Before, I used to consider scientific papers... well, scientific and would try to base an informed opinion on the abstracts and conclusions. After reading blog entries like these and actually reading some papers (especially soft science papers which are easier to understand), even as a layman, some glaring mistakes can be spotted.

Popular scientists like Dawkins and that black astronomer are happy to point out the glaring problems in other areas of life, but it's looking more and more like the scientific field doesn't have its shit together either.

On a scale of bullshit to trustworthy, where stuff like Breitbart and ThePinkNews live in swamps of bullshit, scientific publications and papers seem to barely reach "believable". One always has to question "who payed for this research", "who reviewed it", "which country is this from", "what reasons could there have been to do this research", "are these results too good to be true", "who would benefits from these results", etc.

It seems like one really cannot trust anybody or anything and has to constantly keep their wits about themselves.

Will we ever be able to clean up our act?
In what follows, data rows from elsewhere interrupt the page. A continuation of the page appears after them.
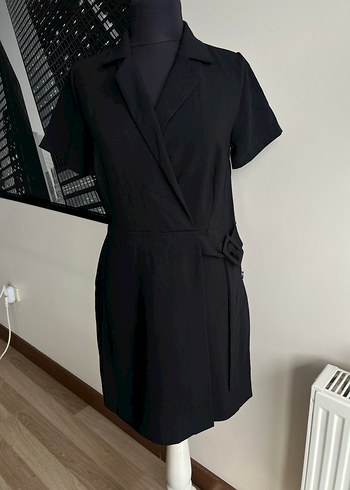 Siyah Kemerli Midi Ofis Elbisesi - Görsel 2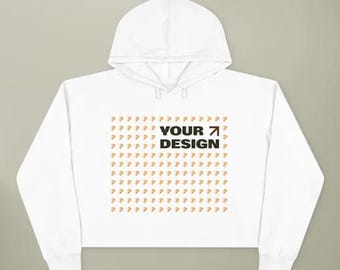 Custom Crop Hoodie: Combed Cotton Blend, Raw Hem Pullover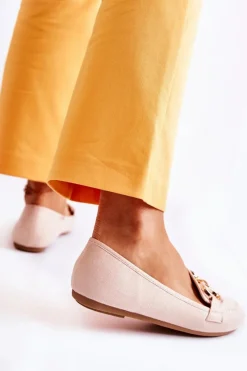 Sale Damskie Zamszowe Mokasyny Z Ozdobą Beżowe Reality Damskie Loafersy Damskie|Mokasyny Płaskie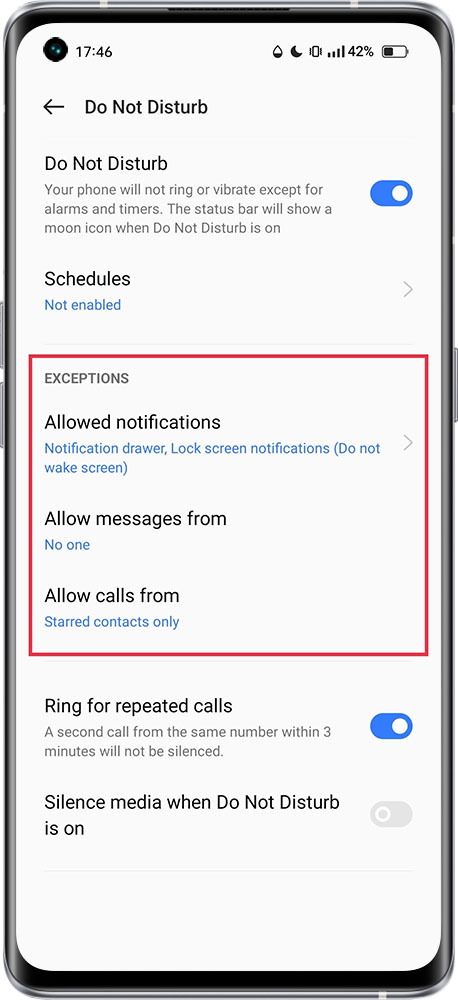 allow notifications; do not disturb 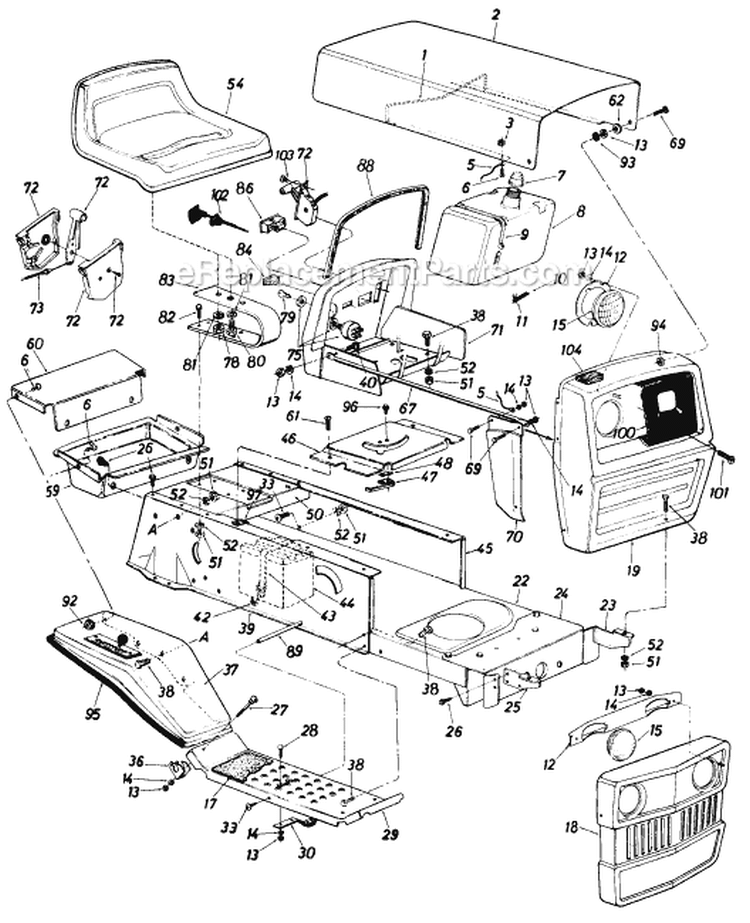 Page G Diagram and Parts List for 139-696-000 1986 MTD Lawn Tractor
What can we do?



>How are we, the laymen, supposed to trust published, peer-reviewed papers?

You are not supposed to.

The laymen really isn't the intended audience of academic publications. The literature is always in flux and inherently unreliable as discoveries are claimed and over decades, proven true or false. Taking a snapshot of the literature at any one time is to accept that a proportion of the claimed truth will be false. Unfortunately the laymen doesn't get this, and they believe that published=true.

As a layman, you should be looking to sources of information that have been vetted for truth, like textbooks. Textbooks are made to distill the most reliable information from the literature by a team of experts.

One paper isn't truth, a dozen independent papers, all pointing to the same thing is. That is what we call the "scientific consensus".


For one, consider the institutions and nations that the research is from. It's too bad that journals are not more discriminating, but we as consumers of articles can be.